### Task requirements:
Repeat every entry exactly. Do not include the pictures.

────

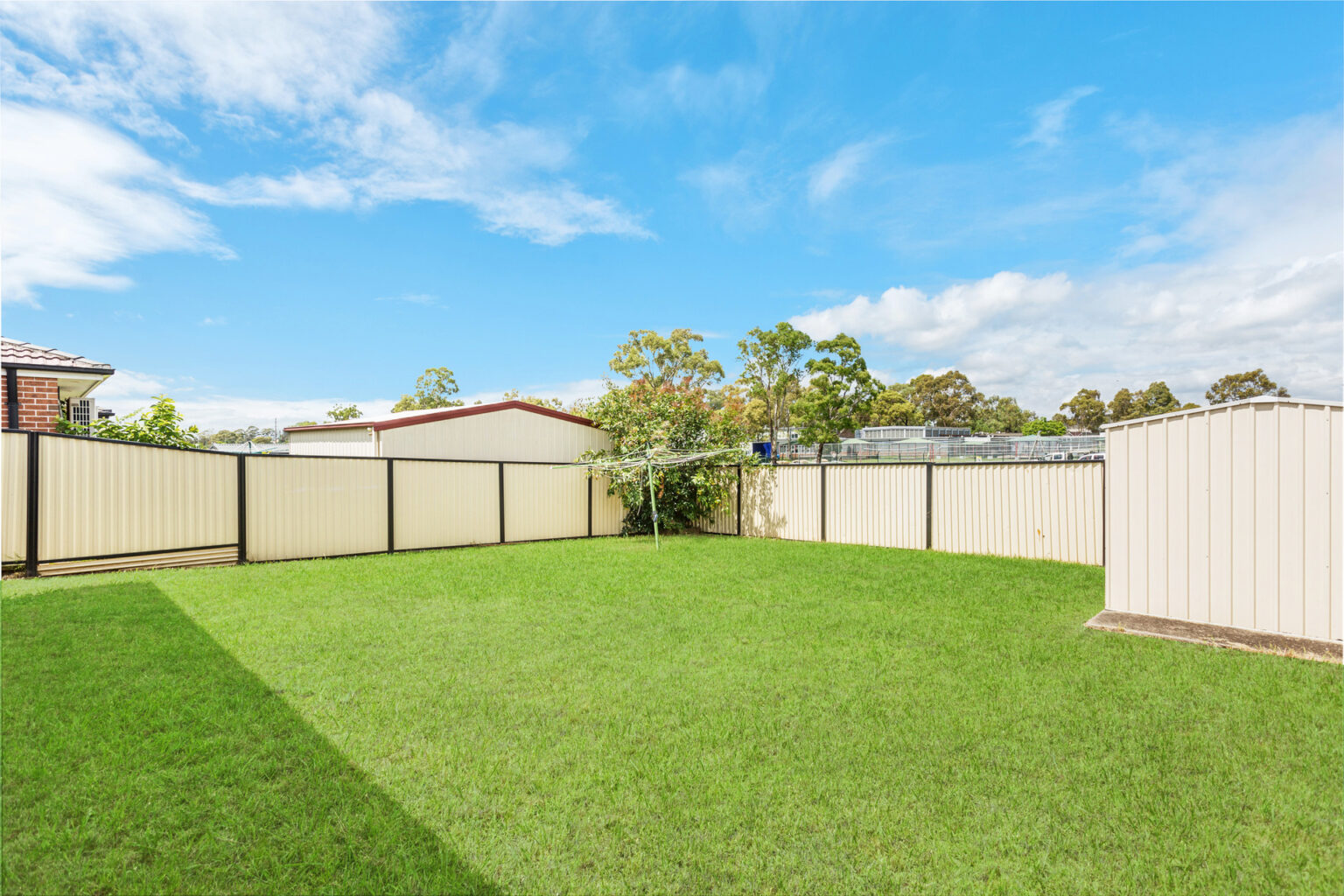 7 Bulbul Avenue, Green Valley NSW 2168 – photo 2 of 10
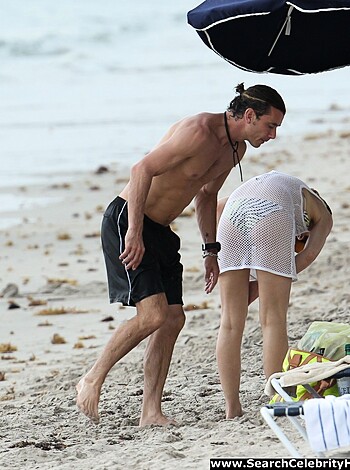 Gwen Stefani Bikini Candids at a Beach in Miami - Photo 26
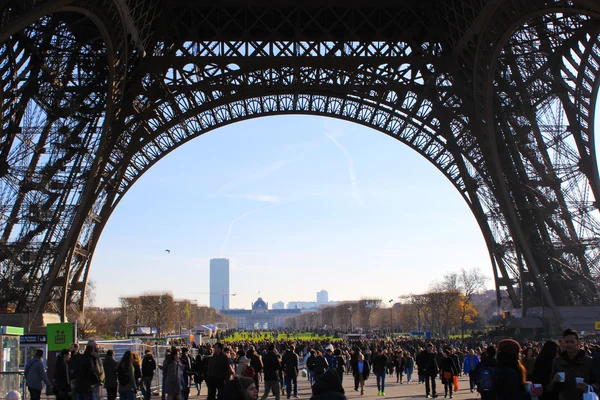 Turisti sotto la torre Eiffel; Parigi — Foto Stock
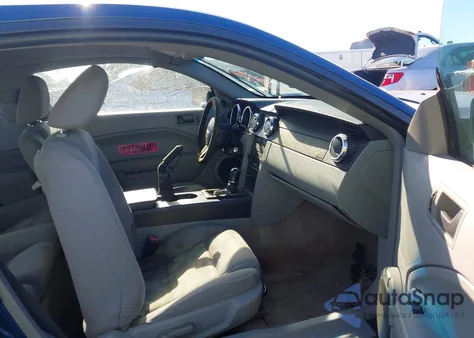 2007 Ford Mustang V6 Deluxe/V6 Premium from USA, damaged, VIN 1ZVFT80N775349081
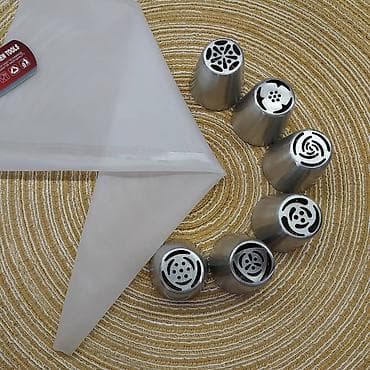 Tort kremi üçün selekon torba ve 6 eded tort bezemek üçün başlıqlar lalafo.az -da Tort kremi üçün selekon torba ve 6 eded tort bezemek üçün başlıqlar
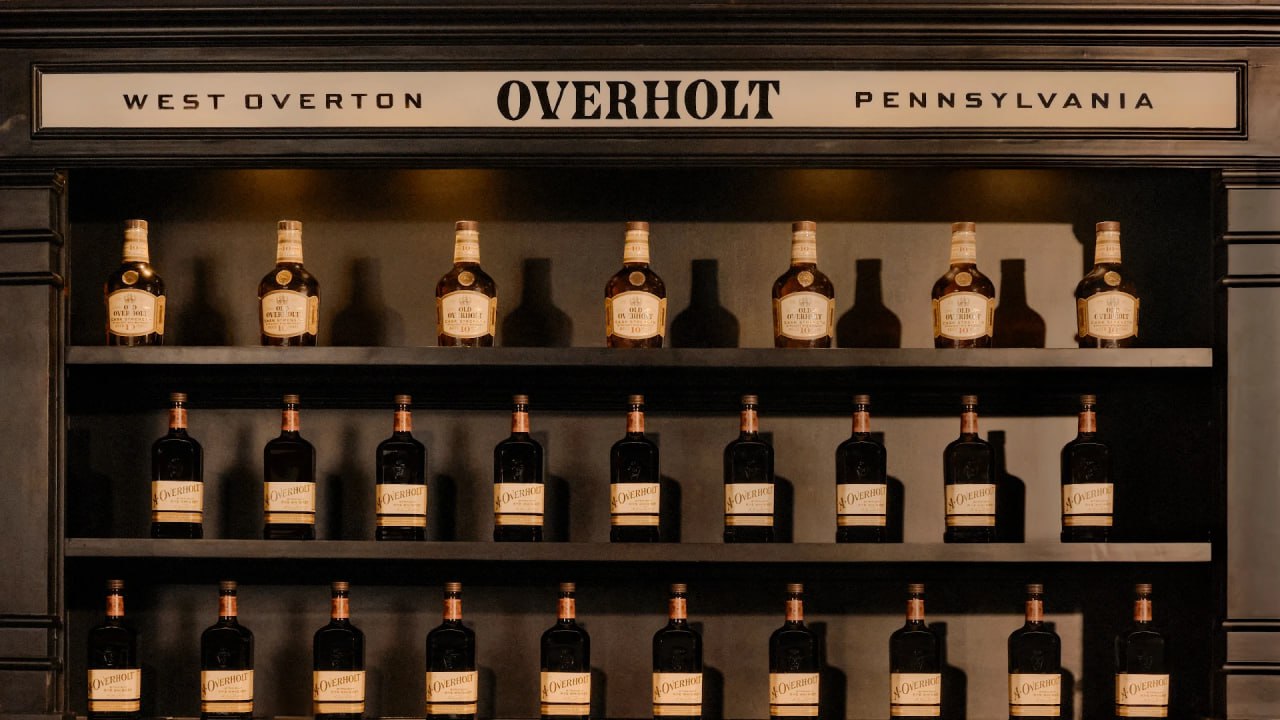 Агентство TAVERN переупаковало виски Overton, обновило стратегию, а так же разработало дизайн бара-музея
Overholt — это не просто старый виски, это важная часть американской истории | Сетка — социальная сеть от hh.ru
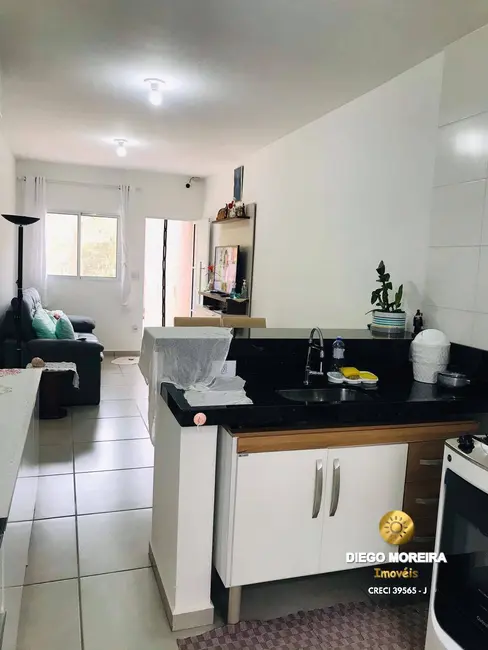 Foto 6 de Casa com 2 quartos à venda, 150m2 em Jardim Santo Antônio, Atibaia - SP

────

### Response area:
 7 Bulbul Avenue, Green Valley NSW 2168 – photo 2 of 10
 Gwen Stefani Bikini Candids at a Beach in Miami - Photo 26
 Turisti sotto la torre Eiffel; Parigi — Foto Stock
 2007 Ford Mustang V6 Deluxe/V6 Premium from USA, damaged, VIN 1ZVFT80N775349081
 Tort kremi üçün selekon torba ve 6 eded tort bezemek üçün başlıqlar lalafo.az -da Tort kremi üçün selekon torba ve 6 eded tort bezemek üçün başlıqlar
 Агентство TAVERN переупаковало виски Overton, обновило стратегию, а так же разработало дизайн бара-музея
Overholt — это не просто старый виски, это важная часть американской истории | Сетка — социальная сеть от hh.ru
 Foto 6 de Casa com 2 quartos à venda, 150m2 em Jardim Santo Antônio, Atibaia - SP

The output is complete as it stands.